On Wed, 2010-06-30 at 14:59 -0600, Nathanael Noblet wrote:

> #1) Easy way to know where a package came from.
> 
>       For example, as far as I am aware, I cannot query anything that tells
> me X packages are from Y repo. If I were to become a 100% always
> enabled updates-testing, most of my packages would be from that repo,
> however if I only do it occasionally I'd just have to remember

 If you just want a summary, you can do (depending on what you want to
know):

 repoquery --installed -a --qf '%{ui_from_repo}' | sort | uniq -c
 repoquery --installed -a --qf '%{yumdb_info.from_repo}' | sort | uniq -c

...or the easier to type/remember but maybe less likely what you want:

 yum version -v nogroups

...if you could give us a better idea of what you are trying to do we
might be able to make something more usable.

> #2 ) Easy way to downgrade if I were to run into problems
> 
>       I understand that this isn't foolproof, and that for some issues (some 
> huge glibc error) my system could conceivably require advanced knowledge to 
> boot into a rescue mode, download packages and force the downgrade.
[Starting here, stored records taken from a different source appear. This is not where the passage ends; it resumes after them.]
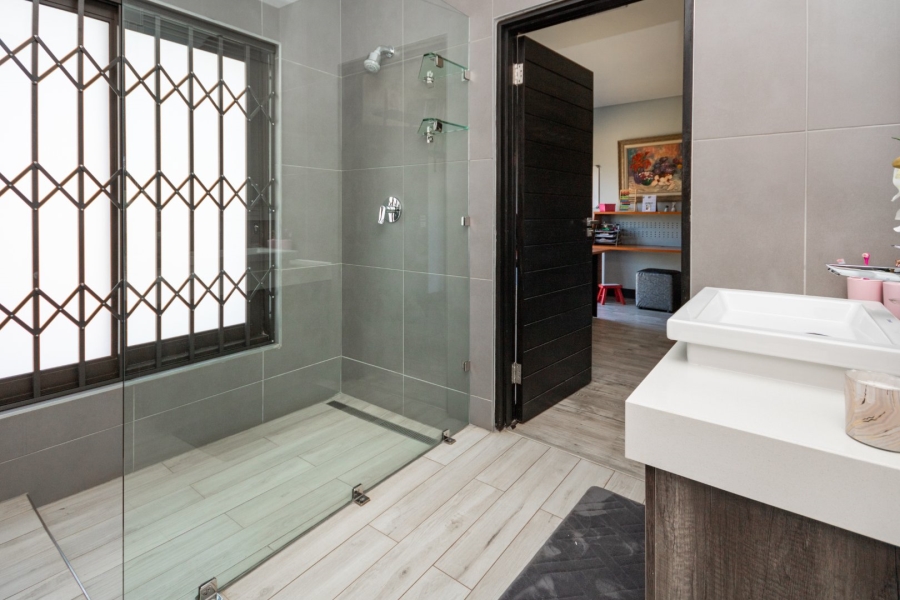 7 Bedroom Property for Sale in Pinehaven Gauteng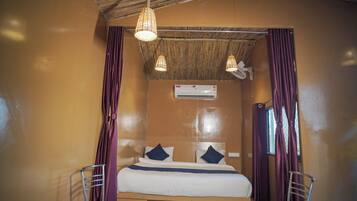 Family Room, 2 Double Beds, Mountain View | Desk, laptop workspace, free WiFi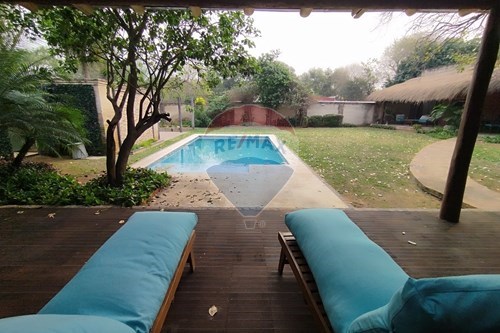 VENDO CASA EN LAMBARÉ
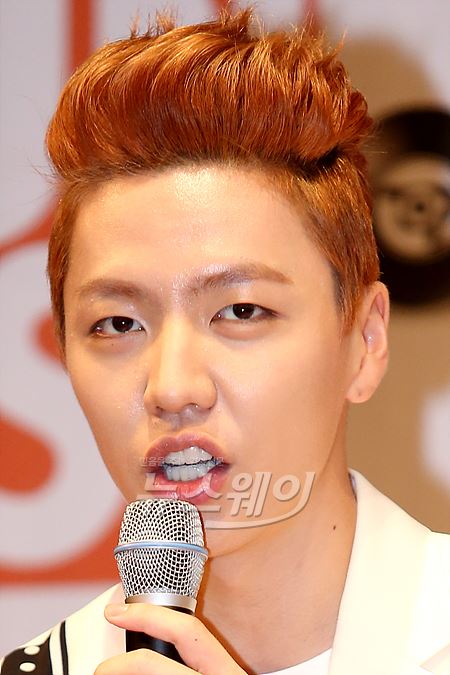 그룹 백퍼센트 찬용이 7일 오전 서울 중구 광화문 KT올레 스퀘어에서 열린 쇼케이스에서 취재진의 질문에 답하고 있다. 사진=이수길 기자 leo2004@newsway.co.kr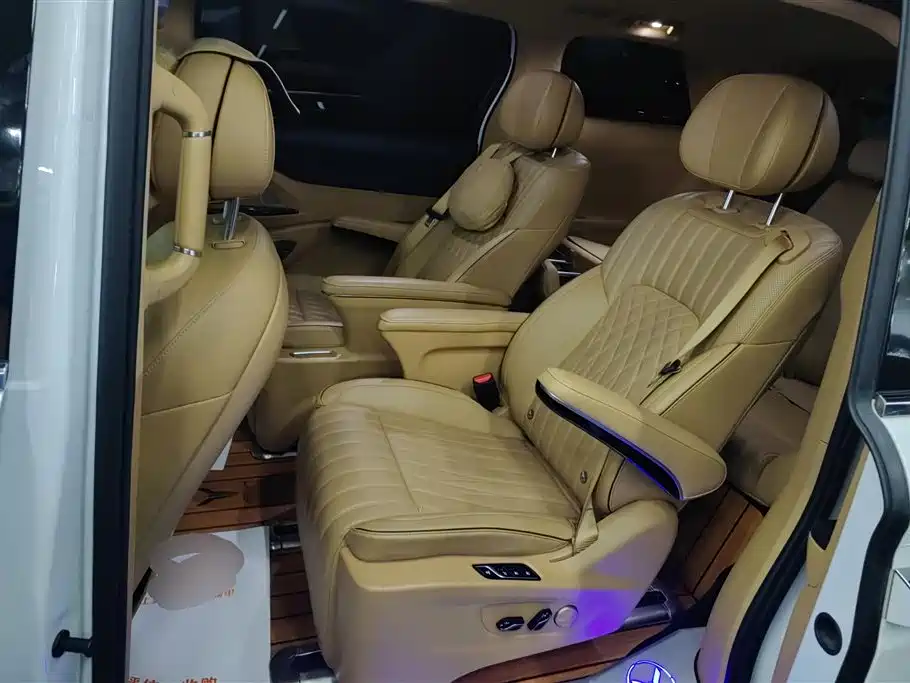 Voyah Auto Voyah Dreamer 2024 PHEV Extended Range Flagship Edition фото 11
However 
> some way to view the updates-testing packages I have installed, and downgrade 
> to the 'released' version would be awesome.

 As Seth said you can use "downgrade" and/or "history undo" now. You'll
also be able to use distro-sync soon, which should give you a "fix
everything now" option.

> #5) Easy way to turn on/off my willingness to use updates-testing.
> 
>       Sometimes I could be busy and only want tested updates, it would be 
> nice if this imaginary tool I'm describing allowed me to say I'm done testing 
> for now, and it deals with disabling the repo and any reminders. If there was 
> some nice tool to deal with updates-testing enabling and the 
> inclusion/exclusion of packages I wanted to test and all that I laid out I 
> would be on it in a second, and I'm guessing you'd have even more testers.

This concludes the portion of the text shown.